20100826

Parte IV – Por que você está sozinho aqui?, perguntou Sereia para o desconhecido, sentando-se em frente a ele e sinalizando para que um atendente lhe trouxesse licor


“É uma história longa, se você quiser ouvir. Eu saí de casa quando meu pai desapareceu, anos atrás (eu não conheci minha mãe, porque ela morreu uma semana antes de eu nascer). Foi o verão mais quente de que eu consigo me lembrar e toda a plantação secou e minha irmã estava chorando muito, porque ela tinha uma doença grave. Então eu deixei ela na frente da igreja da minha vila, juntei algumas coisas e peguei a estrada.
Eu andei durante cento e oitenta e sete dias e cinco noites, sem parar para comer e sem água para beber, até que três pássaros me apareceram em um sonho e disseram que eu encontraria meu Destino no topo da colina das três árvores, desde que chegasse lá em menos de quarenta e oito horas.

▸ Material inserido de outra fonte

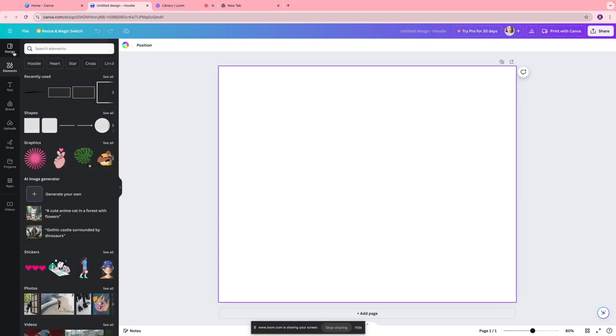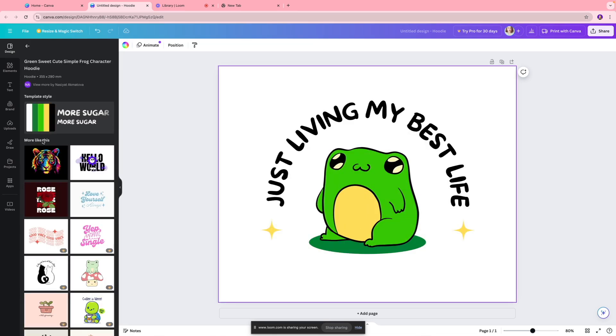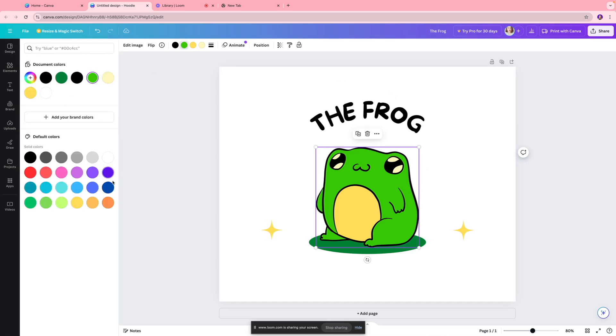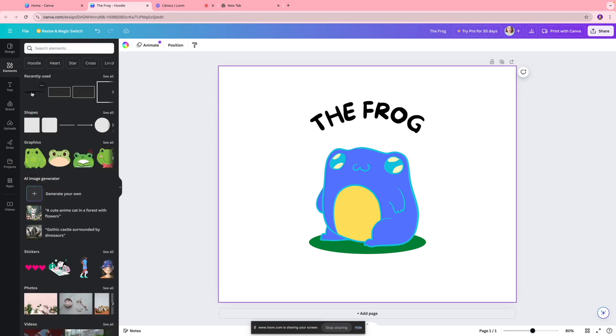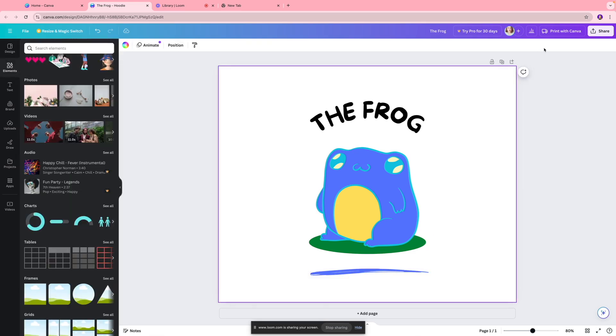For this example, I'm going to click this cute frog template. You can go in and change the text to say whatever you want — I'll call it 'The Frog.' If you want, you can change the colors; I'll make it a nice blue and change the black outline to match. If you want to get rid of extra elements just click delete, and you can add new elements like a line and color it blue as well.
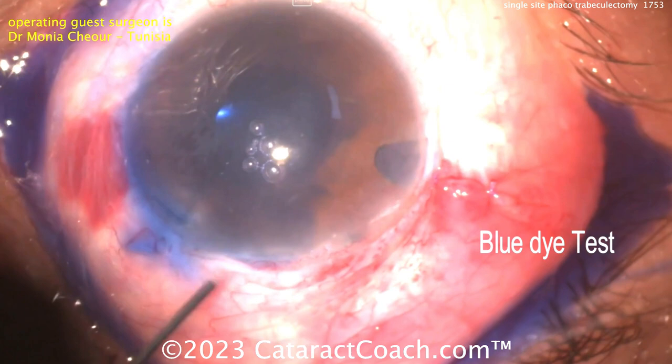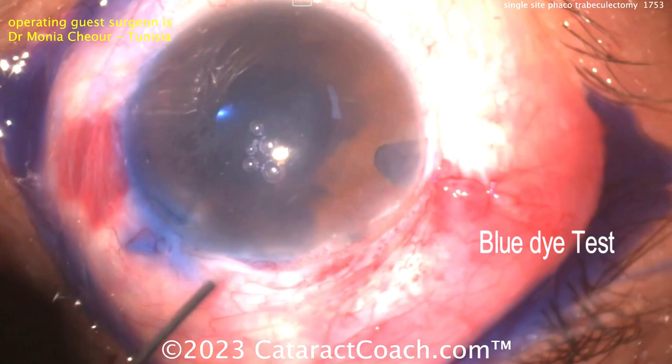Blue dye test — I like that idea. Put some dye in here; I use triamcinolone particles to see, but you can put the blue dye in and make sure it flows out. Then close up the eye and call it a day. Beautiful technique. And tomorrow we'll have dual-site.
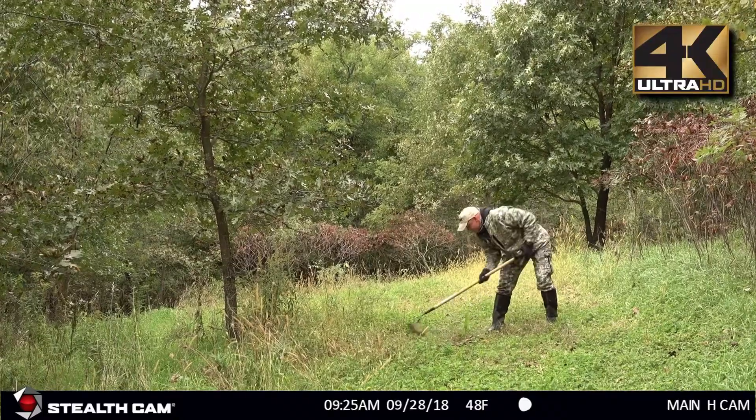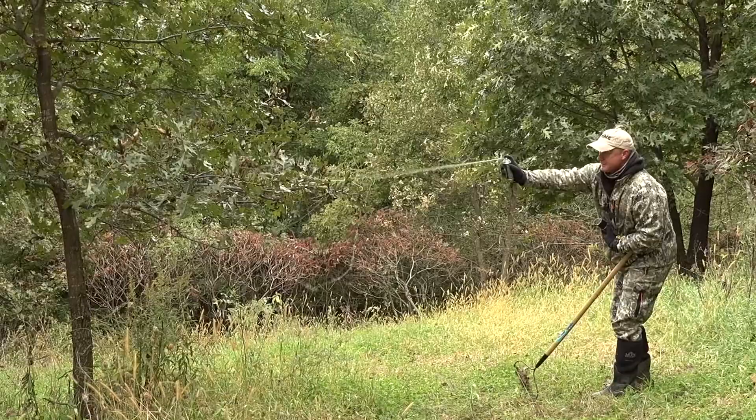Hey guys, it's Beemer here. It's almost October 1st and it's time to lay down some major mock scrapes. Today we're going to be using the ScentWeb She Heat and Scrape Venom and we're going to go out and make a scrape. We're going to spray this string foam attractant into it and on the licking branches and on the limbs and start drawing some deer in.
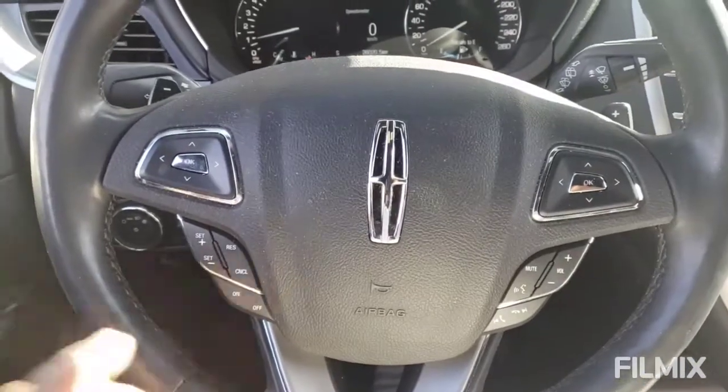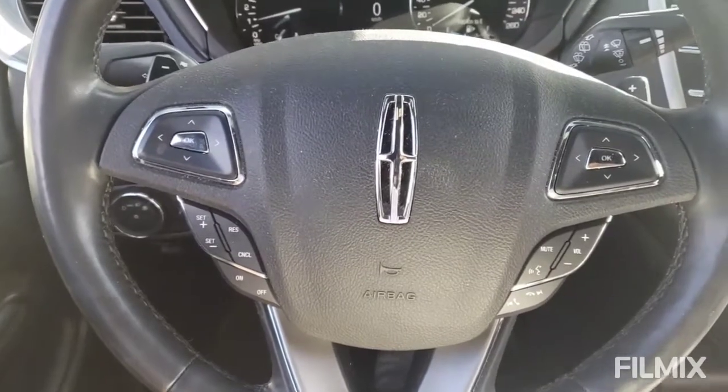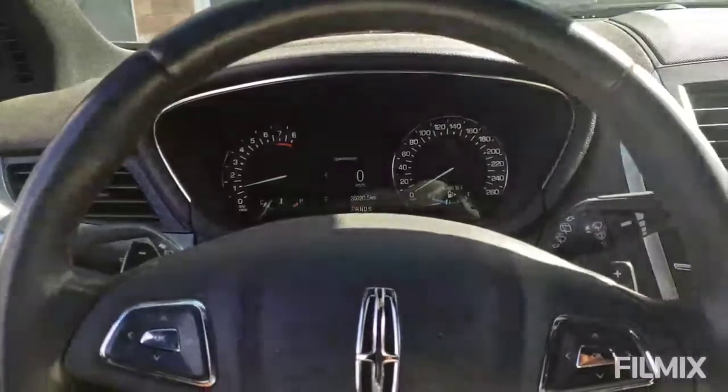Stacey Cook here at Northway Ford Lincoln, and today I want to talk to you about how to change and reset your oil life monitor on a 2019 Lincoln MKC.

Com a velocidade que eu adquiri por ter sido criado por uma manada de gnus, eu venci os três mil quilômetros da subida dentro do prazo e, arfando, descobri lá em cima o esconderijo da temível Corja dos Malamados. Cansado e surpreso, eu fui facilmente rendido pelos malfeitores que, armados até os dentes, me jogaram em uma catacumba escura. A julgar pelo crescimento de minha barba, eu fiquei preso por três dias, quando, enfim, um deles apareceu e me fez uma proposta: ou eu me juntaria a eles na busca pelo Potro ou eles me matariam ali mesmo, a mordidas.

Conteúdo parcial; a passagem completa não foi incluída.